Hallucinations pose a significant challenge to the reliability of large
language models (LLMs) in critical domains. Recent benchmarks designed to
assess LLM hallucinations within conventional NLP tasks, such as
knowledge-intensive question answering (QA) and summarization, are insufficient
for capturing the complexities of user-LLM interactions in dynamic, real-world
settings. To address this gap, we introduce HaluEval-Wild, the first benchmark
specifically designed to evaluate LLM hallucinations in the wild.
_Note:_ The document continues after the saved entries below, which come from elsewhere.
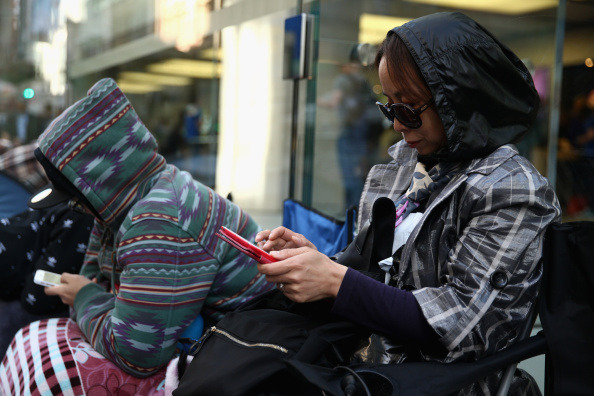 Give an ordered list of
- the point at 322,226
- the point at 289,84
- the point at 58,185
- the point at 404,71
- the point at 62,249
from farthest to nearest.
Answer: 1. the point at 289,84
2. the point at 62,249
3. the point at 322,226
4. the point at 58,185
5. the point at 404,71

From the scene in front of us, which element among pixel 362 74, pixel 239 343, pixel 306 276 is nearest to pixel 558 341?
pixel 306 276

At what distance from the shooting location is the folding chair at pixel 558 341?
141 cm

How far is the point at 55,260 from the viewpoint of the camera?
2.78 metres

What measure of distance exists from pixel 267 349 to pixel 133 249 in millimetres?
672

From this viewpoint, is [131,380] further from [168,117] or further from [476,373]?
[168,117]

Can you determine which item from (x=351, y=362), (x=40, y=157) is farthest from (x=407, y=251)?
(x=40, y=157)

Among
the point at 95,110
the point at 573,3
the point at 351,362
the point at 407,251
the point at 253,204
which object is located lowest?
the point at 253,204

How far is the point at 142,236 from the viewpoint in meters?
1.93

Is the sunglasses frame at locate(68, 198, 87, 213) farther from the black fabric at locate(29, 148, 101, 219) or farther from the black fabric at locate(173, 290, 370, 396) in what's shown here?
the black fabric at locate(173, 290, 370, 396)

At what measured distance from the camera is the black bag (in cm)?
138

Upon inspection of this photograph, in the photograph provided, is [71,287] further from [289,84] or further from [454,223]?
[289,84]

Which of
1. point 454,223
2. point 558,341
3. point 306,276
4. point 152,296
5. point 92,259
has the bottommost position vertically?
point 92,259

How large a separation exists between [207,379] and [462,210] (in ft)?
2.31

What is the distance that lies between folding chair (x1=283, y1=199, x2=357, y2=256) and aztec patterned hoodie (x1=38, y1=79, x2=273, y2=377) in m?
0.38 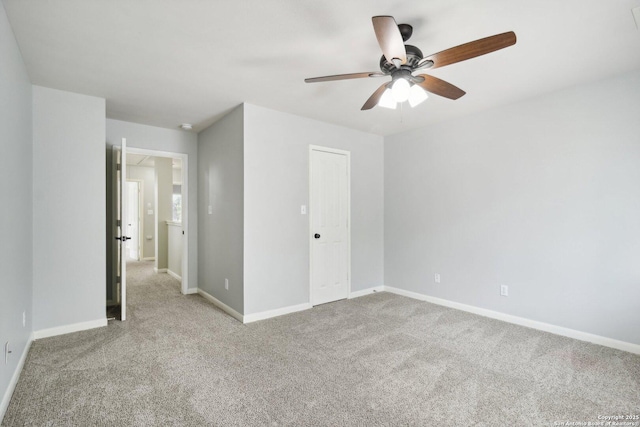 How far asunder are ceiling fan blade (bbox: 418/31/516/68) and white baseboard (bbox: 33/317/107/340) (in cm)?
390

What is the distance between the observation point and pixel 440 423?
6.04 ft

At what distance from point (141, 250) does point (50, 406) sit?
6.55 metres

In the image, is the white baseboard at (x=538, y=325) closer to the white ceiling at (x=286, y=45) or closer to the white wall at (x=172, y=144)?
the white ceiling at (x=286, y=45)

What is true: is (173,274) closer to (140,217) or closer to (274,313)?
(140,217)

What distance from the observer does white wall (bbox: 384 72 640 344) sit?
2.81 metres

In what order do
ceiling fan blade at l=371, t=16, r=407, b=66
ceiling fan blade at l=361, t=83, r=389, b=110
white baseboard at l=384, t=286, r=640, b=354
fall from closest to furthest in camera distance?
ceiling fan blade at l=371, t=16, r=407, b=66, ceiling fan blade at l=361, t=83, r=389, b=110, white baseboard at l=384, t=286, r=640, b=354

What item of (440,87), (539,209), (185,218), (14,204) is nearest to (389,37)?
(440,87)

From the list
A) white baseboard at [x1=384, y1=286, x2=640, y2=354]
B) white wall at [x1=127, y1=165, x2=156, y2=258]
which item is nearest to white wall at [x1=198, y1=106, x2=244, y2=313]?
white baseboard at [x1=384, y1=286, x2=640, y2=354]

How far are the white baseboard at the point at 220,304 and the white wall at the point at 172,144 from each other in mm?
334

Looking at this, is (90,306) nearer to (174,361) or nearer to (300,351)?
(174,361)

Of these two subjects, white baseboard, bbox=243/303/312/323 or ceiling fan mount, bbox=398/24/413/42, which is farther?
white baseboard, bbox=243/303/312/323

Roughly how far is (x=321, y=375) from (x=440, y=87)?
229cm

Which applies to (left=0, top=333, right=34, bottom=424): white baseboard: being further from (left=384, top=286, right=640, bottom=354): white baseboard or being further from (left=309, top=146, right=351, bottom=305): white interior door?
(left=384, top=286, right=640, bottom=354): white baseboard

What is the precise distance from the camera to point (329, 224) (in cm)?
436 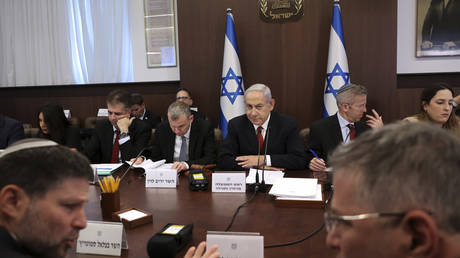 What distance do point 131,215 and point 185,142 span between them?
1.69 meters

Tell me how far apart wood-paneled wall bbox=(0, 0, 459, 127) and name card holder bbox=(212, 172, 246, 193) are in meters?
2.97

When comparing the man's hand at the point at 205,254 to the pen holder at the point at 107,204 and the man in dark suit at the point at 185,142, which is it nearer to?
the pen holder at the point at 107,204

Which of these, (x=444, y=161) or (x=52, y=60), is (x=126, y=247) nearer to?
(x=444, y=161)

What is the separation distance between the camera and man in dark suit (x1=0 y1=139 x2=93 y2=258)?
807mm

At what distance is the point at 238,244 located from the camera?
3.84 feet

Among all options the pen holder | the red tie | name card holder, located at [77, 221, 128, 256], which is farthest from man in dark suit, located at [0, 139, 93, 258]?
the red tie

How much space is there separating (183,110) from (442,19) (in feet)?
12.8

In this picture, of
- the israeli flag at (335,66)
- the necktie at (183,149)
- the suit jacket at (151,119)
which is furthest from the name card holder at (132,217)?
the suit jacket at (151,119)

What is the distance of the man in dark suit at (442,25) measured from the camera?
4676mm

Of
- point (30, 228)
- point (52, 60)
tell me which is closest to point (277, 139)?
point (30, 228)

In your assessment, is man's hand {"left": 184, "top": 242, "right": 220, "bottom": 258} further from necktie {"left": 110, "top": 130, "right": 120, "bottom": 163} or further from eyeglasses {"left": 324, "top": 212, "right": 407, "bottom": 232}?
necktie {"left": 110, "top": 130, "right": 120, "bottom": 163}

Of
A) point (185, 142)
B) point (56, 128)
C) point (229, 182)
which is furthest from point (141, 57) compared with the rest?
point (229, 182)

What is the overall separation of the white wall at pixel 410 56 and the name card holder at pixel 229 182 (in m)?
3.87

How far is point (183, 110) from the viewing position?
10.1 feet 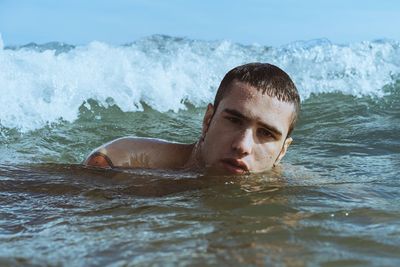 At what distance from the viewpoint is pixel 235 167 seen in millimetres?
3625

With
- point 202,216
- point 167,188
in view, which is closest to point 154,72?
point 167,188

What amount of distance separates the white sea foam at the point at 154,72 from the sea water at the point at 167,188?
0.04 meters

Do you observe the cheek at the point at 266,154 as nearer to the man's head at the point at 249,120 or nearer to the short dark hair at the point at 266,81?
the man's head at the point at 249,120

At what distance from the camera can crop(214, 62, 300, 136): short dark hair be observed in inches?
153

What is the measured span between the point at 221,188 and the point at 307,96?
7.65 metres

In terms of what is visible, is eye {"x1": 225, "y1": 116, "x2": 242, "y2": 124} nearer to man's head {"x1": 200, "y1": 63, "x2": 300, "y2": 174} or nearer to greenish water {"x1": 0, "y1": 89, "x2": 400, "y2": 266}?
man's head {"x1": 200, "y1": 63, "x2": 300, "y2": 174}

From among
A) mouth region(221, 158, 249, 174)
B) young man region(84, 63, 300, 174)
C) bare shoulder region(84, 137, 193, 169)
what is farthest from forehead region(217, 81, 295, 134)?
bare shoulder region(84, 137, 193, 169)

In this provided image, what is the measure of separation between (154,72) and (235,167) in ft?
24.1

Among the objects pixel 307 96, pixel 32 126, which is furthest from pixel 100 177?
pixel 307 96

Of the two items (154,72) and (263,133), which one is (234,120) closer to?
(263,133)

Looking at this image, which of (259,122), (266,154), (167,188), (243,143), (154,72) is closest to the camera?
(167,188)

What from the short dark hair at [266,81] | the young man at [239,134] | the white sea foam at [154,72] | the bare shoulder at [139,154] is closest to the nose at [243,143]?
the young man at [239,134]

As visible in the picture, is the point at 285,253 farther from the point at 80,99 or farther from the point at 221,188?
the point at 80,99

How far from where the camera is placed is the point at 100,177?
3736 mm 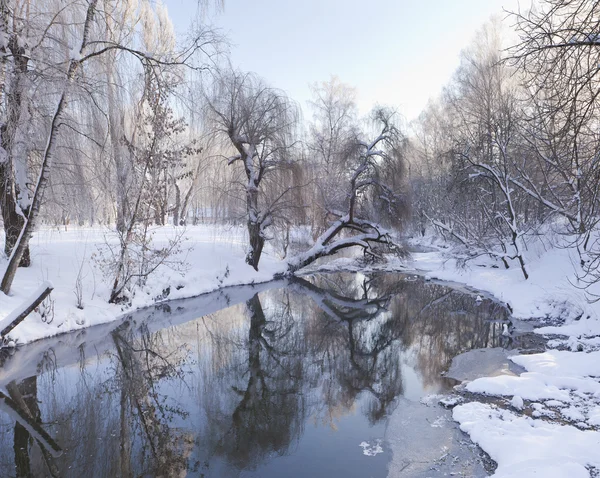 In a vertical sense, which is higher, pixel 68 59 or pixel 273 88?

We
meticulously collect challenging (adversarially filtered by Alpaca) user
queries from existing real-world user-LLM interaction datasets, including
ShareGPT, to evaluate the hallucination rates of various LLMs. Upon analyzing
the collected queries, we categorize them into five distinct types, which
enables a fine-grained analysis of the types of hallucinations LLMs exhibit,
and synthesize the reference answers with the powerful GPT-4 model and
retrieval-augmented generation (RAG). Our benchmark offers a novel approach
towards enhancing our comprehension and improvement of LLM reliability in
scenarios reflective of real-world interactions.

为了评估大规模语言模型 (LLMs) 在动态的现实世界环境中产生幻觉的能力，我们引入了 HalEval-Wild，这是一个特别设计的评估幻觉的基准测试。通过收集现有的用户 - LLM 交互数据集中具有挑战性的用户查询，并使用强大的 GPT-4 模型和检索增强生成 (RAG) 进行参考答案综合，我们对 LLMs 产生的幻觉进行了细致的分析，从而提供了一种改善 LLM 可靠性的新方法。